=== Work order ===
Nothing but the lines from the first line of the records through the line with "Next one is" should be output, exactly as written and free of pictures.

=== Available data ===
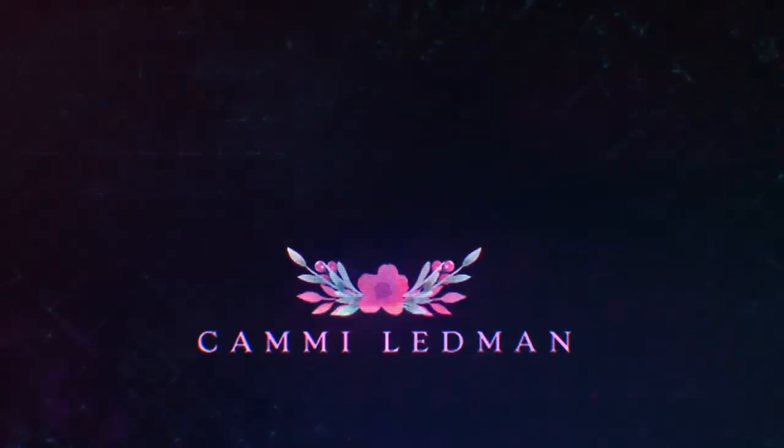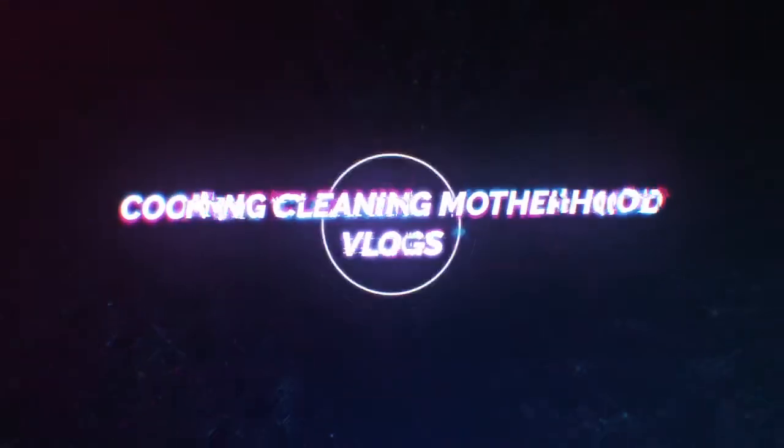Everybody gives you advice on how to live your life. Hey guys, welcome back to my channel, and if you're new, welcome to my channel. I'm Cammie.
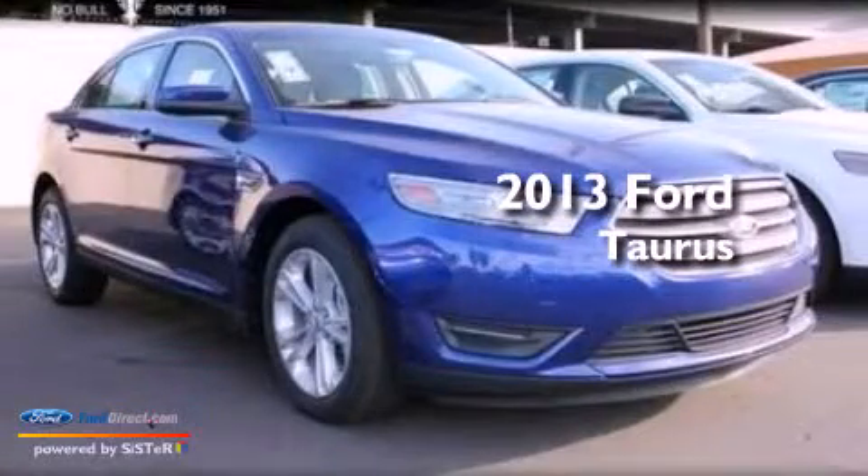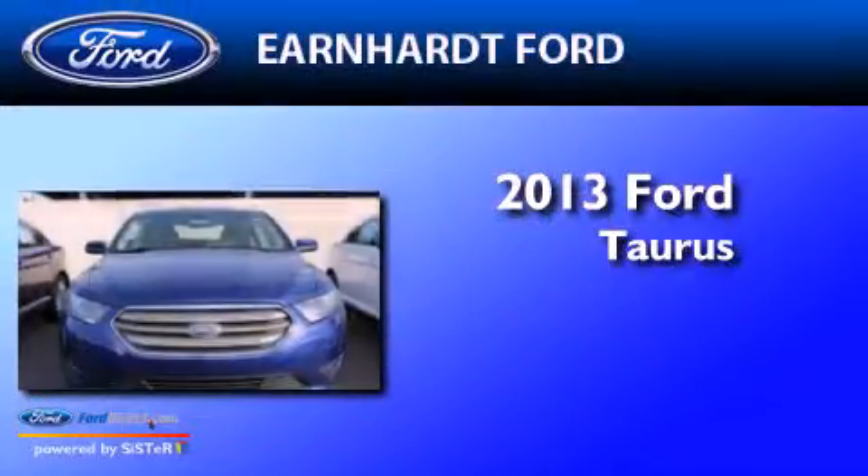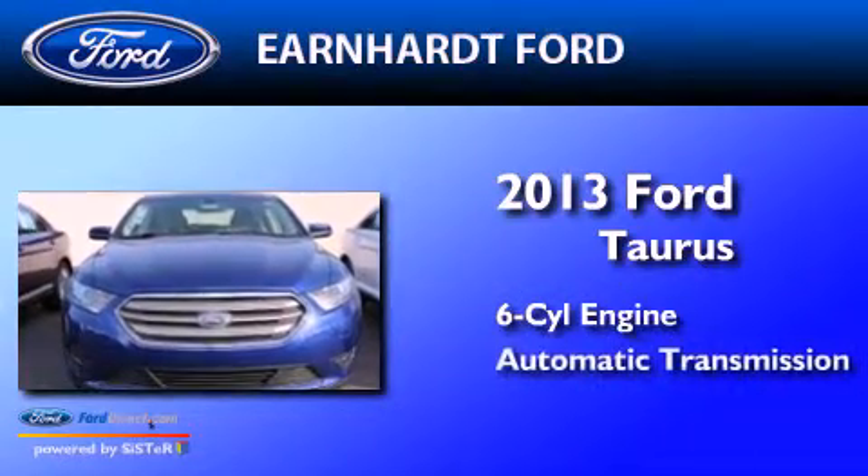This is a brand new 2013 Ford Taurus. It has a six-cylinder engine and an automatic transmission.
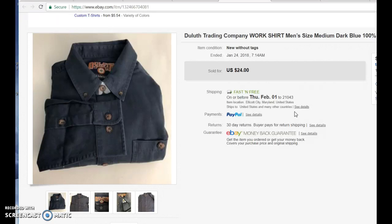Next one is a Duluth Trading Company work shirt. This was a heavy cotton type shirt. Although it's a size medium, it's new without tags, so I thought that was a pretty good buy. Duluth Trading does a lot of advertising on television, so people associate Duluth Trading with a reputable, well-made brand.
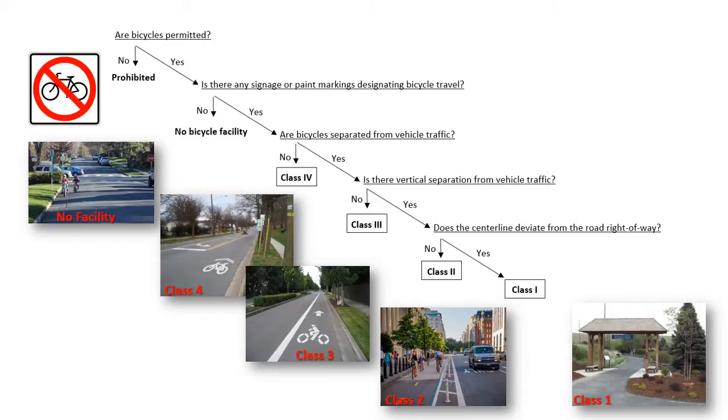Unfortunately, some communities have incorrectly stated that certain roads with low vehicle volumes and low vehicle speeds constitute a bicycle facility. However, a bicycle facility must have some on-location indication such as signage or paint markings. The next question asks: are bicycles separated from vehicle traffic? If no, then this is a class four facility. If there is separation, the next question asks if the separation is vertical. If not, then this is the bike lane class. If the separation is vertical, then it is the protected bike lane class. The distinction for class one is that the facility deviates from the roadway. This flowchart should classify most bicycle facilities, with gray areas only if vertical separation is questionable or deviation from the roadway is only for a short distance.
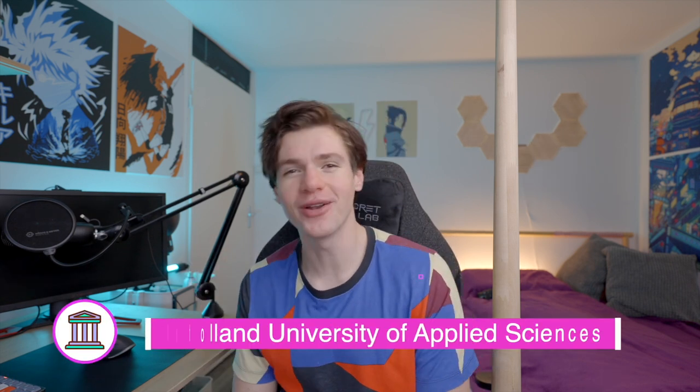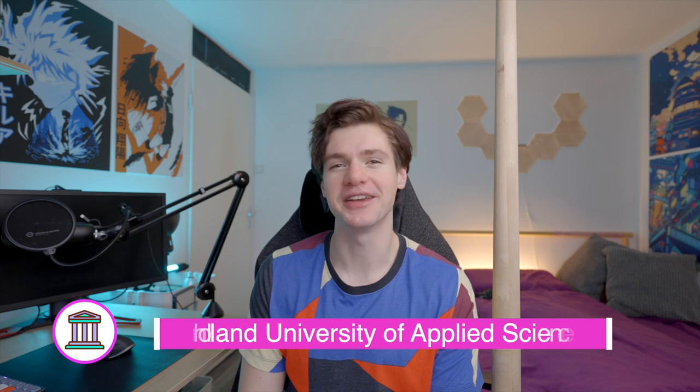Hi there, my name is Peter. I'm a fourth year international creative business student, or ICB for short, at InHolland University of Applied Sciences in The Hague.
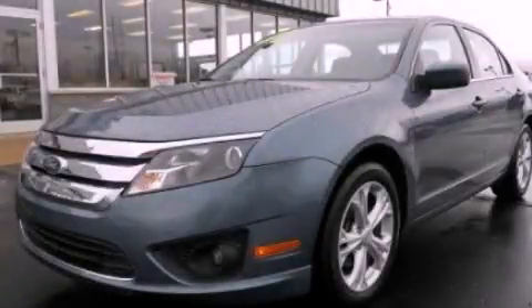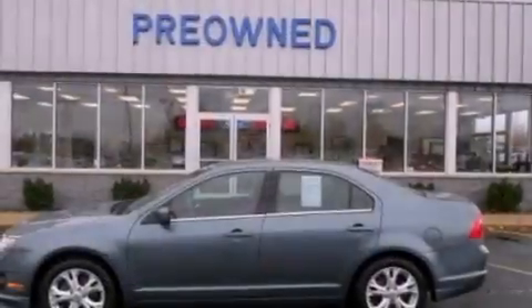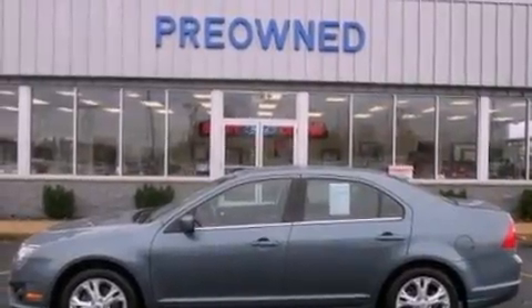This is a 2012 Ford Fusion. It has a 3.0-liter six-cylinder engine and an automatic transmission.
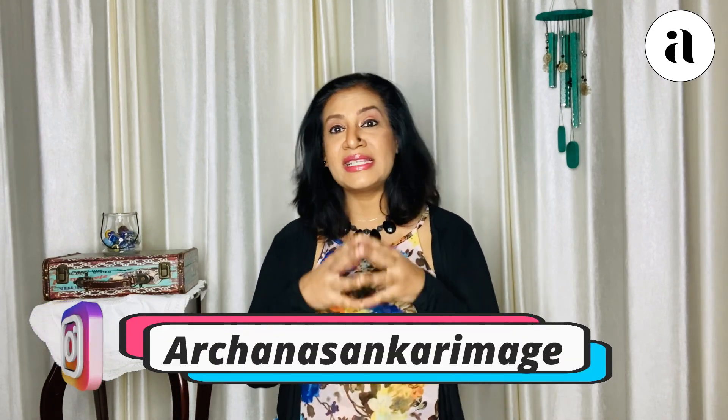So keep smiling, stay happy, stay healthy, be very positive. I will see you soon. Signing off, Arjuna Shankar.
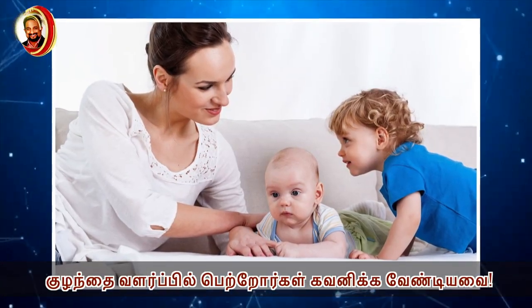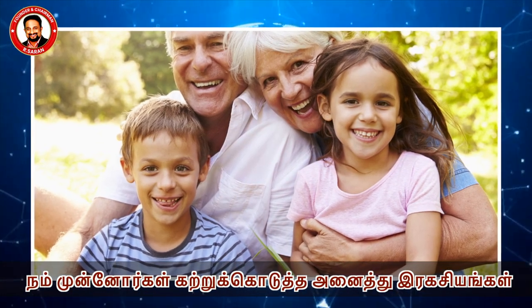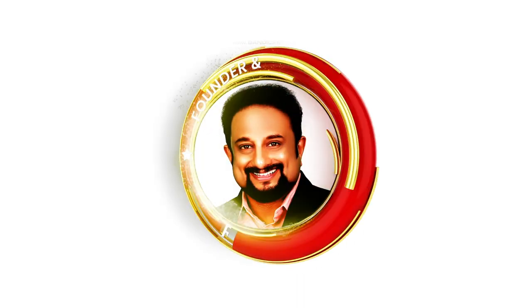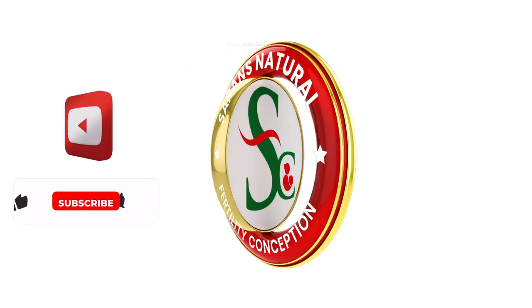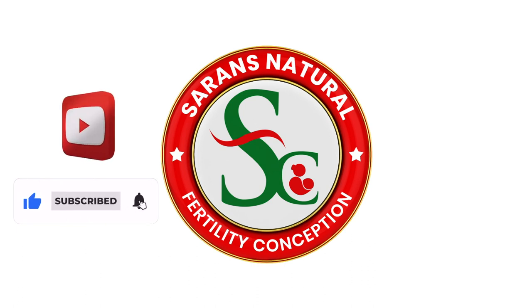Koolunday Valarpil — to raise children well, our elders have taught us everything. Learn easily in simple language. Subscribe to Surin's Natural Fertility Conception YouTube Channel and press the bell icon for notifications.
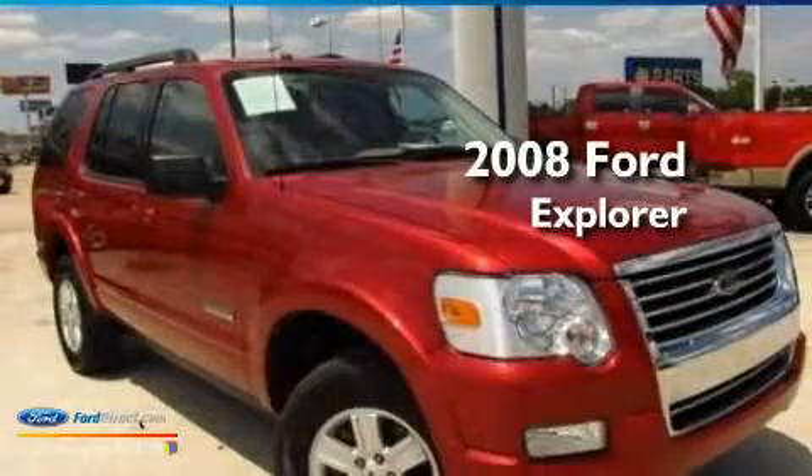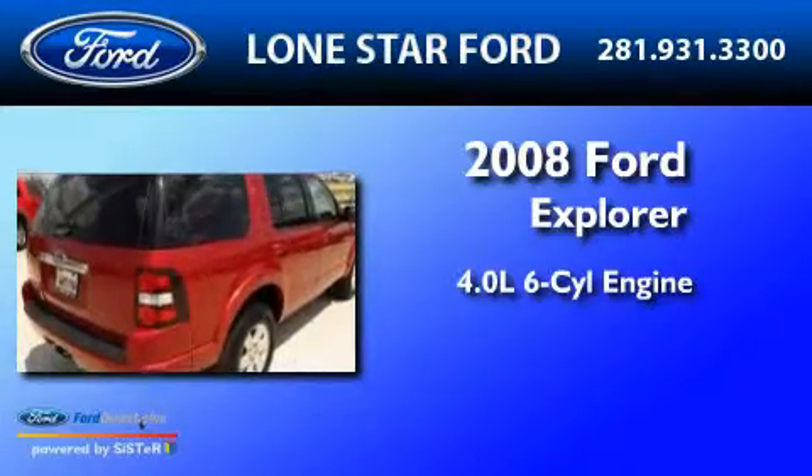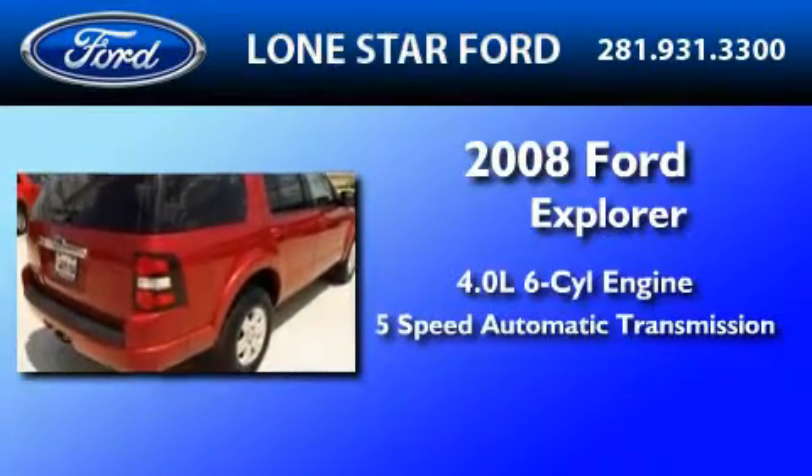This is a 2008 Ford Explorer. It features a 4.0-liter six-cylinder engine and a five-speed automatic transmission.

=== Solution to this problem ===
Everybody gives you advice on how to live your life. Hey guys, welcome back to my channel, and if you're new, welcome to my channel. I'm Cammie.
This is a brand new 2013 Ford Taurus. It has a six-cylinder engine and an automatic transmission.
Next one is a Duluth Trading Company work shirt. This was a heavy cotton type shirt. Although it's a size medium, it's new without tags, so I thought that was a pretty good buy. Duluth Trading does a lot of advertising on television, so people associate Duluth Trading with a reputable, well-made brand.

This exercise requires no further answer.